(Stored entries)
*** Begin section ***
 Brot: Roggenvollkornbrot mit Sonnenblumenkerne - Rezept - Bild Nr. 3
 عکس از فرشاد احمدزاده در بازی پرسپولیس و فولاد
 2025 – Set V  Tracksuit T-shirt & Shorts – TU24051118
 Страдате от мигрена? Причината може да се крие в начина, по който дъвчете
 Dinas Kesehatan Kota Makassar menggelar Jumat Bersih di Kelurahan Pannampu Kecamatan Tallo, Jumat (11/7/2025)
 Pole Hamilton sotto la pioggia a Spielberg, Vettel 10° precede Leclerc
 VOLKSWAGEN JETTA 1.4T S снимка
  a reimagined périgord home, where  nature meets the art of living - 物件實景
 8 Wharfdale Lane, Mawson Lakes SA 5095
*** End section ***
*** Begin section ***
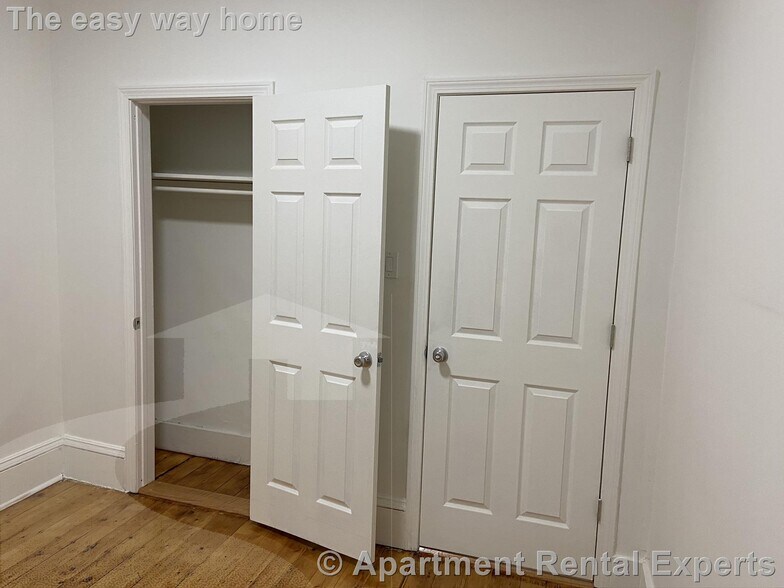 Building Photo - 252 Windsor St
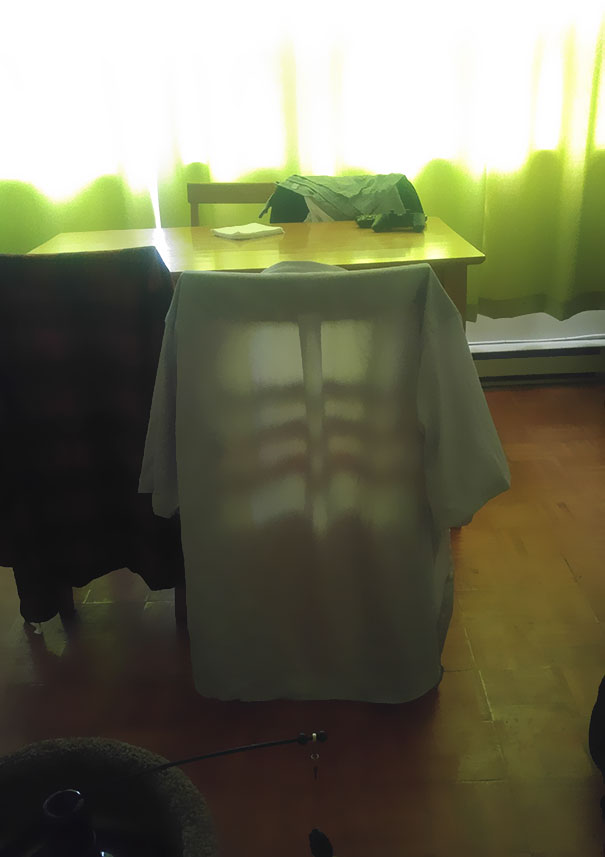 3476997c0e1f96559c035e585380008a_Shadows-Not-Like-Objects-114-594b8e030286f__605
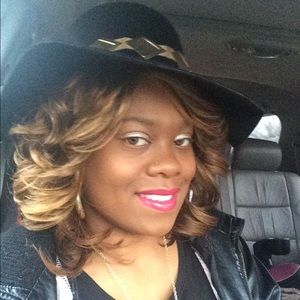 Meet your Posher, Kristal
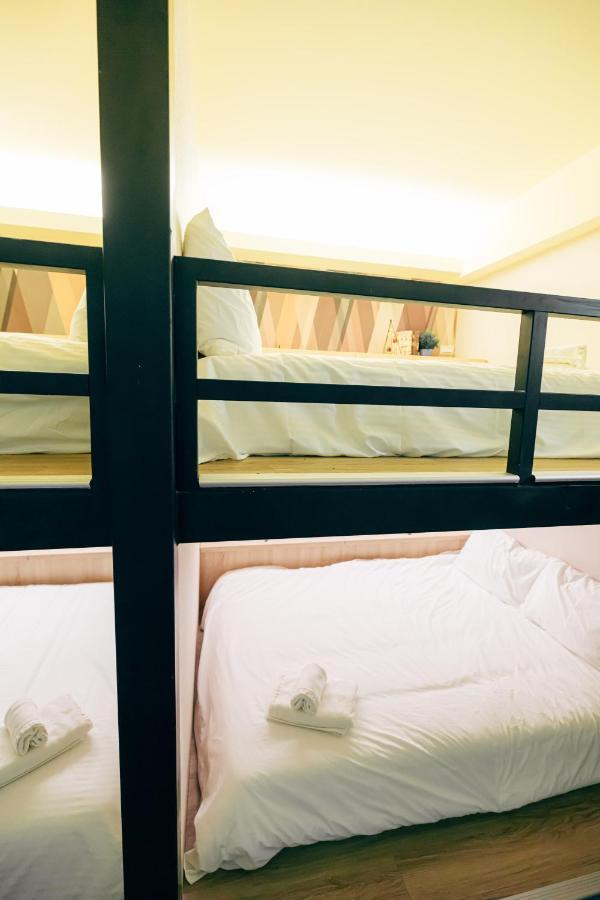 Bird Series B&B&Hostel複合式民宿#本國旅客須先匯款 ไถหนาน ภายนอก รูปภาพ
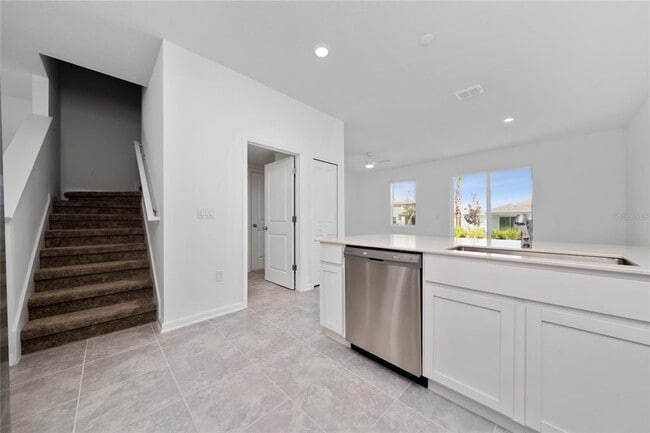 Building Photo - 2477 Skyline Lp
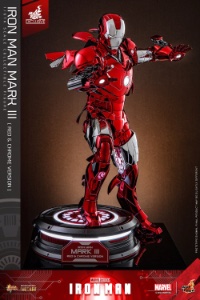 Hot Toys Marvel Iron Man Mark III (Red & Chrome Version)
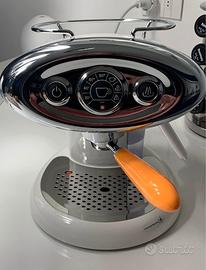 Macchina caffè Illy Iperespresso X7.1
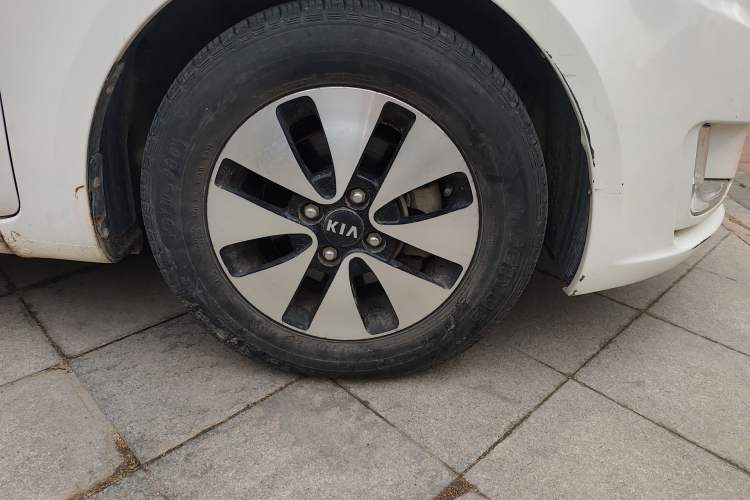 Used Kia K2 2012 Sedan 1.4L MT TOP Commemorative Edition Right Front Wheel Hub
*** End section ***
§ **YOUR INSTRUCTIONS**: All that is wanted is a faithful reproduction of the line above with "Brot: Roggenvollkornbrot mit", the line with "a reimagined périgord", and every line in between.

§ **RESPONSE**:
 Brot: Roggenvollkornbrot mit Sonnenblumenkerne - Rezept - Bild Nr. 3
 عکس از فرشاد احمدزاده در بازی پرسپولیس و فولاد
 2025 – Set V  Tracksuit T-shirt & Shorts – TU24051118
 Страдате от мигрена? Причината може да се крие в начина, по който дъвчете
 Dinas Kesehatan Kota Makassar menggelar Jumat Bersih di Kelurahan Pannampu Kecamatan Tallo, Jumat (11/7/2025)
 Pole Hamilton sotto la pioggia a Spielberg, Vettel 10° precede Leclerc
 VOLKSWAGEN JETTA 1.4T S снимка
  a reimagined périgord home, where  nature meets the art of living - 物件實景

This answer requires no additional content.